━━ Extracted information ━━

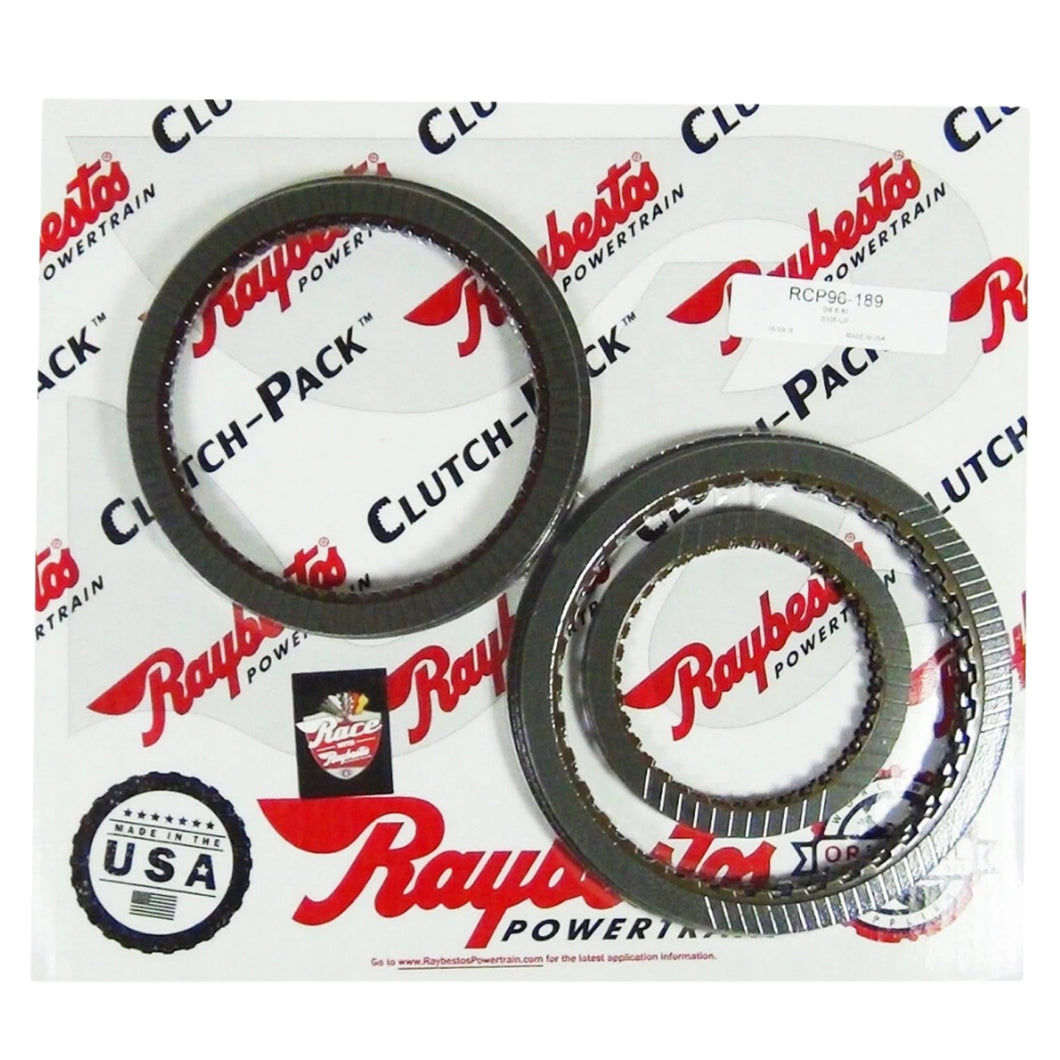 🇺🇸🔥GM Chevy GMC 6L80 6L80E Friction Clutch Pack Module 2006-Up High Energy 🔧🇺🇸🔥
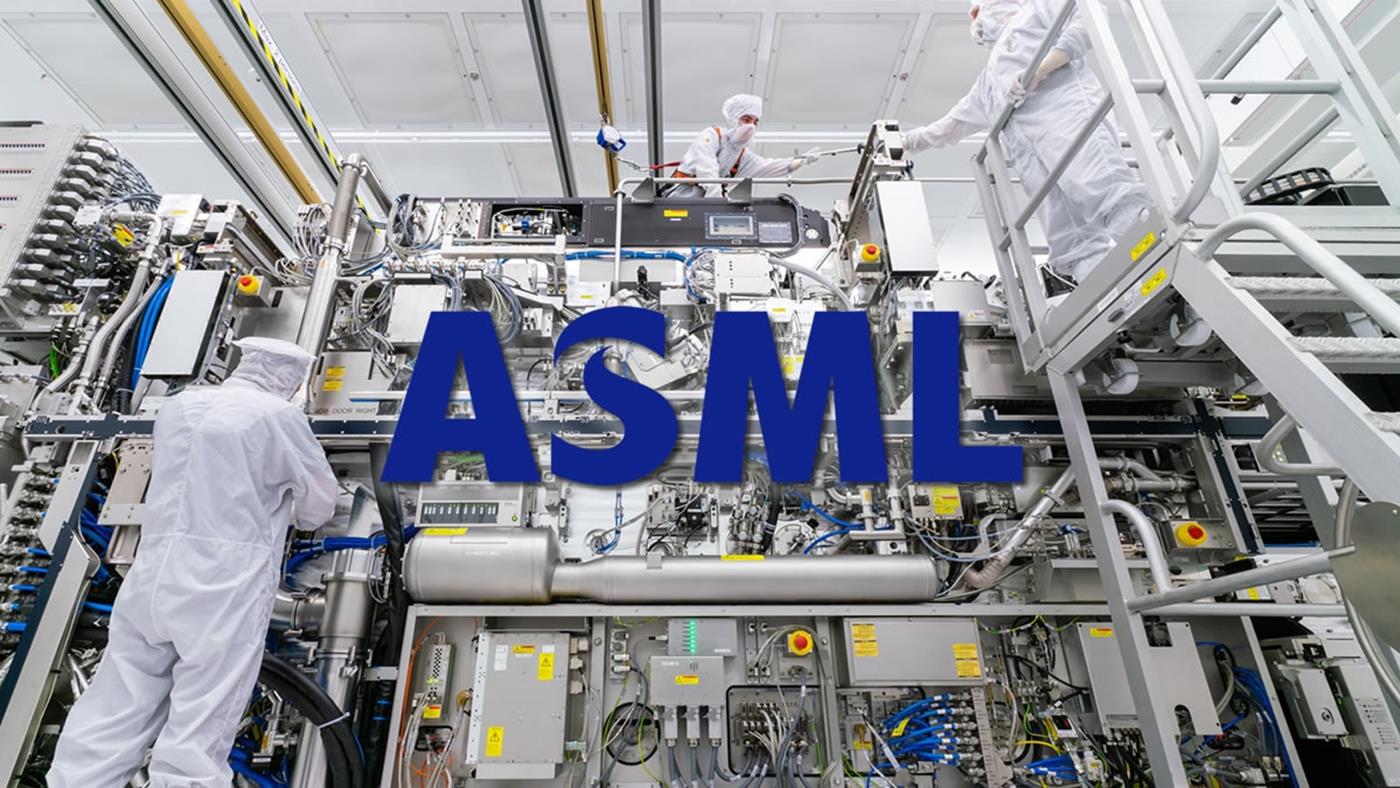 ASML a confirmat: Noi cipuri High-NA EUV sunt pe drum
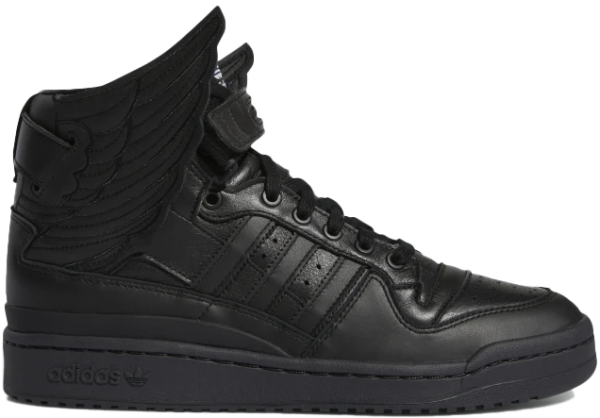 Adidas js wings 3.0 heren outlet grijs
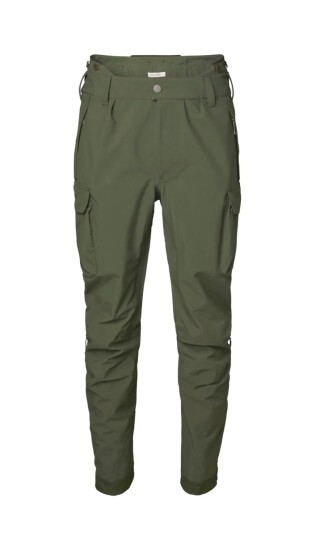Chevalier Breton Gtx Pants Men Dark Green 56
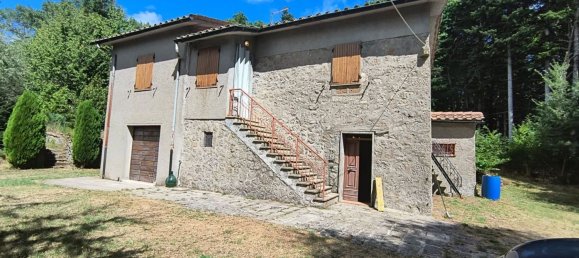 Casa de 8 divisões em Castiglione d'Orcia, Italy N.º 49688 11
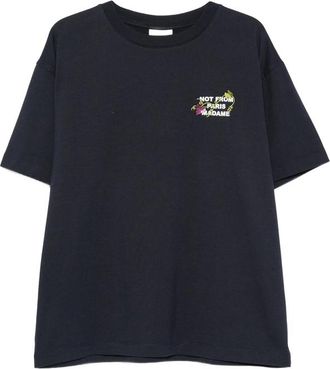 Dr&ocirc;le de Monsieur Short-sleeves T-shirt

━━━
━━ Extracted information ━━

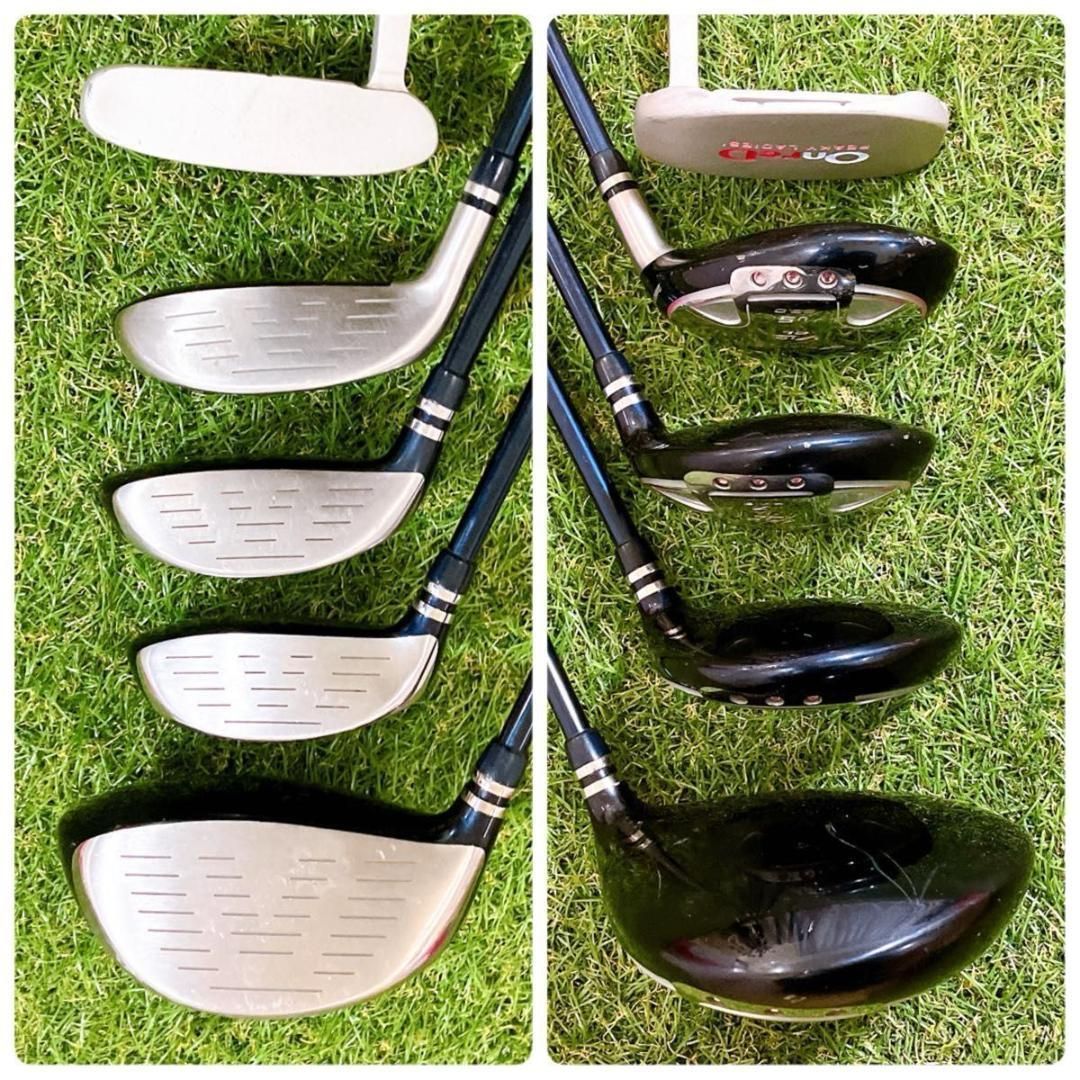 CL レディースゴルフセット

━━━
━━ Extracted information ━━

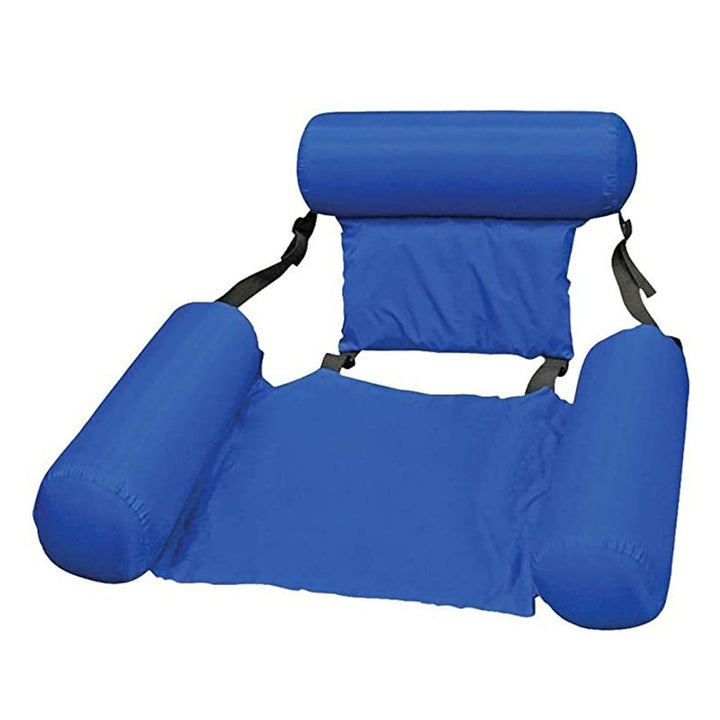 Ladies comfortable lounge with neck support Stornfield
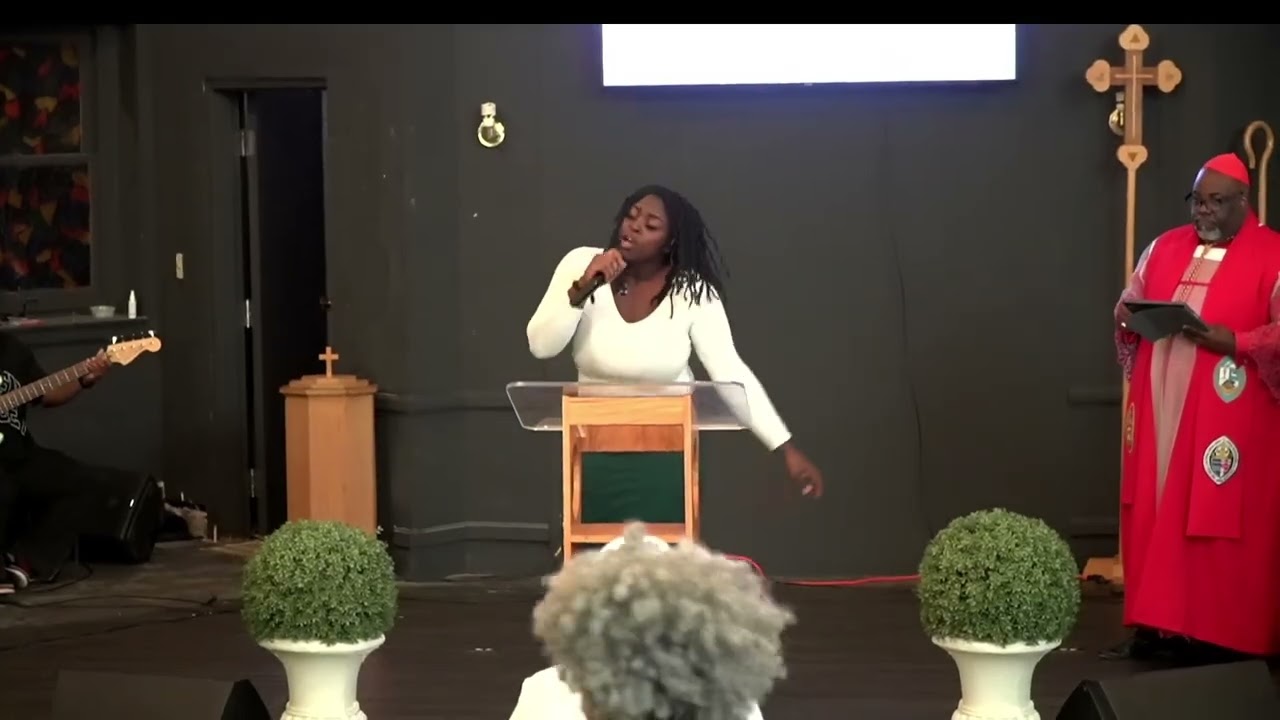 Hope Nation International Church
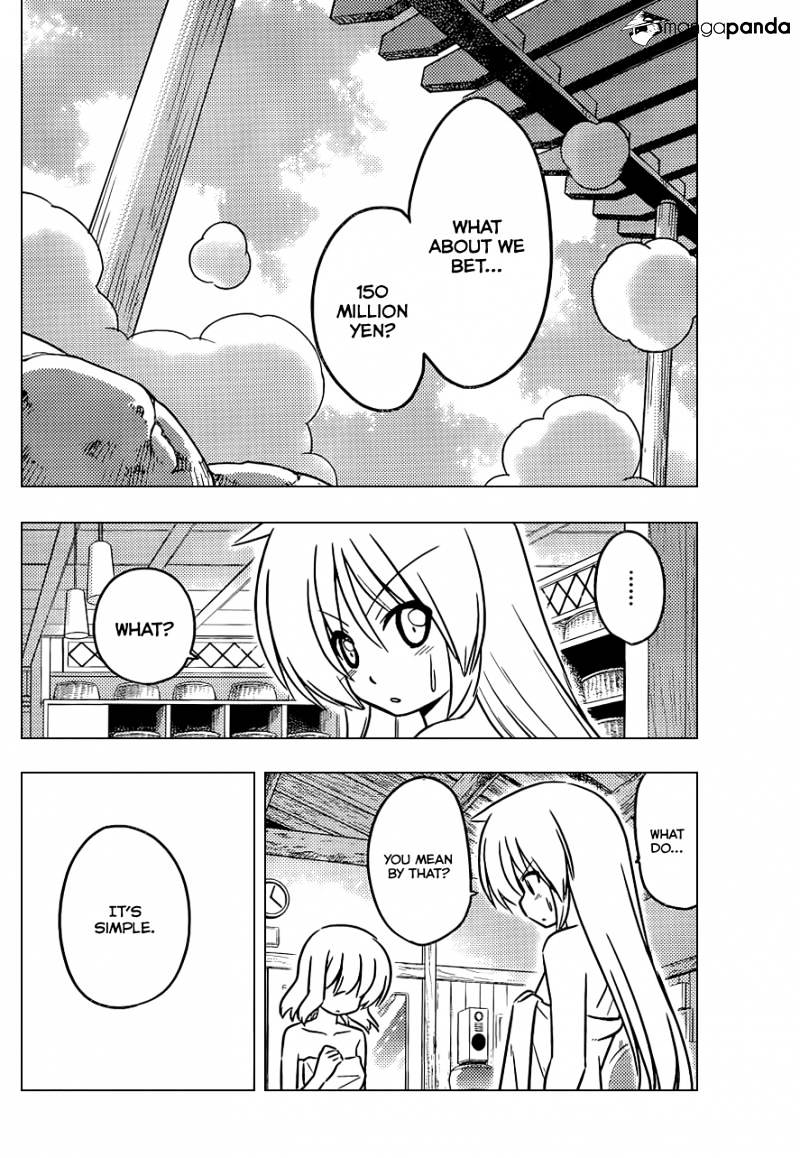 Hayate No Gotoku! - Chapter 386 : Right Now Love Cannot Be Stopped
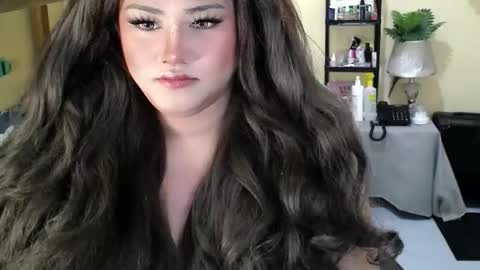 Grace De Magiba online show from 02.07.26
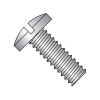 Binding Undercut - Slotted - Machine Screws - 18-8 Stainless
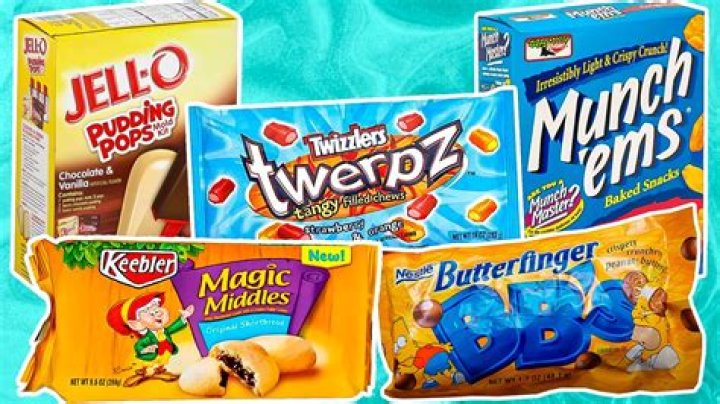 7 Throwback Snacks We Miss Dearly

━━━

# Directions
Range to copy from the records above: the line containing "Chevalier Breton Gtx Pants Men Dark Green 56" to the line containing "Dr&ocirc;le de Monsieur", both included. Output those lines exactly and only those, skipping pictures.

# Written solution
Chevalier Breton Gtx Pants Men Dark Green 56
 Casa de 8 divisões em Castiglione d'Orcia, Italy N.º 49688 11
 Dr&ocirc;le de Monsieur Short-sleeves T-shirt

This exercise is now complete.